If that grid were to be a little larger, say 44’ x 44’, you would have the flexibility to use deeper racking or have more comfortably wide aisles. While this may make material handling easier, it is probably not adding any pallet positions.
However, if that grid were to be a little smaller, like 38’ x 38’, your racking layout may suffer. Building columns will likely fall in the middle of your racking row, which will eat up pallet positions. You may be tempted to make very narrow aisles, but this is highly discouraged as it leads to forklift impacting the racking. If the grid was 35’ x 35’ you would start to see columns in the middle of your aisles or loose entire racking rows.

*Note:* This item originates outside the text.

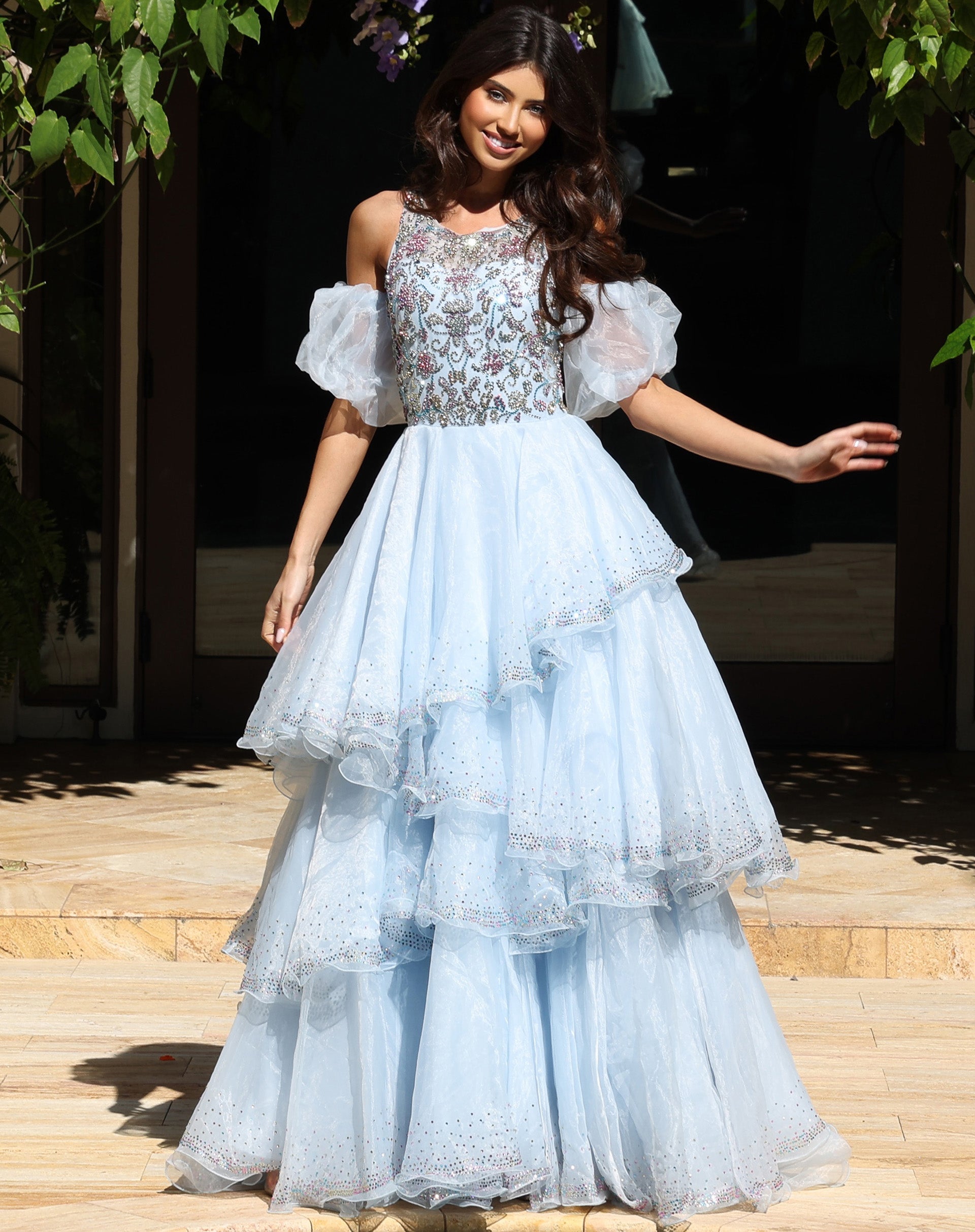 Light Blue Illusion Sweetheart Floor-Length Tulle Tiered Ball Gown with Puff Sleeves Jovani K42178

So, if you’re building a warehouse and plan on using standard racking, try to get your structure on a 40’x40’ grid, or there about. Your warehouse will be very flexible for you and the average future tenant, which should increase the value of your property.

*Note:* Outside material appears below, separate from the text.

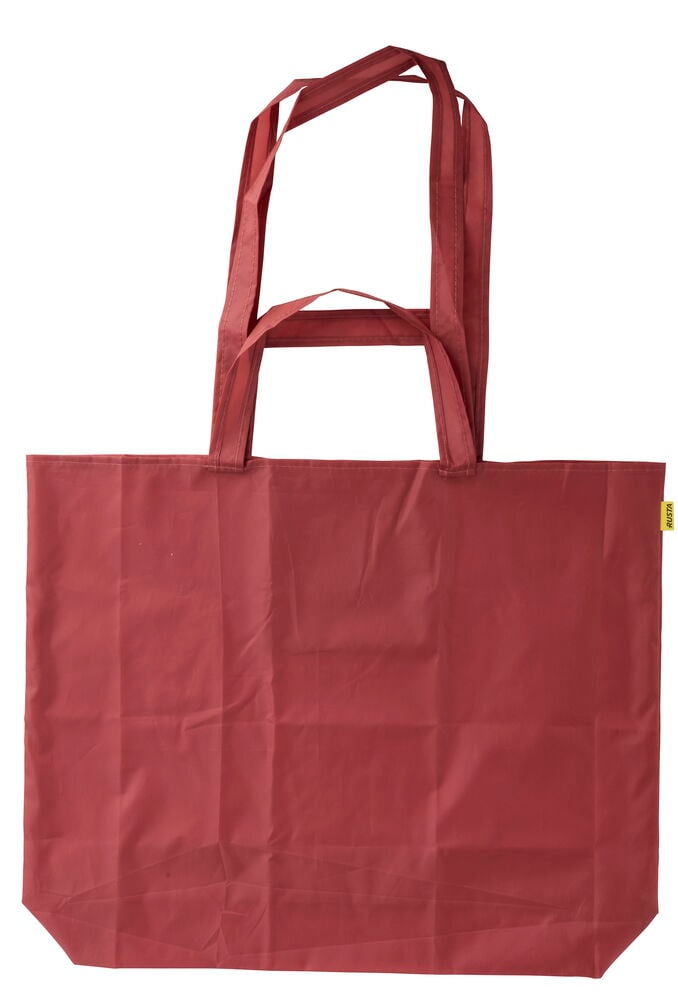 Punainen Ostoskassi 57x35x6 cm Taitettava, jossa on kaksi yläkahvaa, näkyy edestäpäin.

A note about plumbing in concrete slabs
Some commercial building contractors will place plumbing supply lines under a concrete slab. While they may have a logical reason for doing so, this practice creates a major risk. Once that plumbing is placed, it is easily forgotten. Equipment installers almost always need to anchor fixtures to the slab. If they break the line, you will need to make a major repair. Not to mention, the equipment project will be put on hold. No one wants to be involved in a situation like this. So, avoid burying plumbing or any mechanicals in your floor.
While pallet racking is itself very flexible, it is constrained by the building that houses it. Irregularly shaped warehouses often limit how much pallet racking can be utilized. In general, the taller the ceilings and larger the column grid of your building, the easier it will be to build an optimal storage layout. The 40’x40’ grid will be even more optimal for standard pallet racking.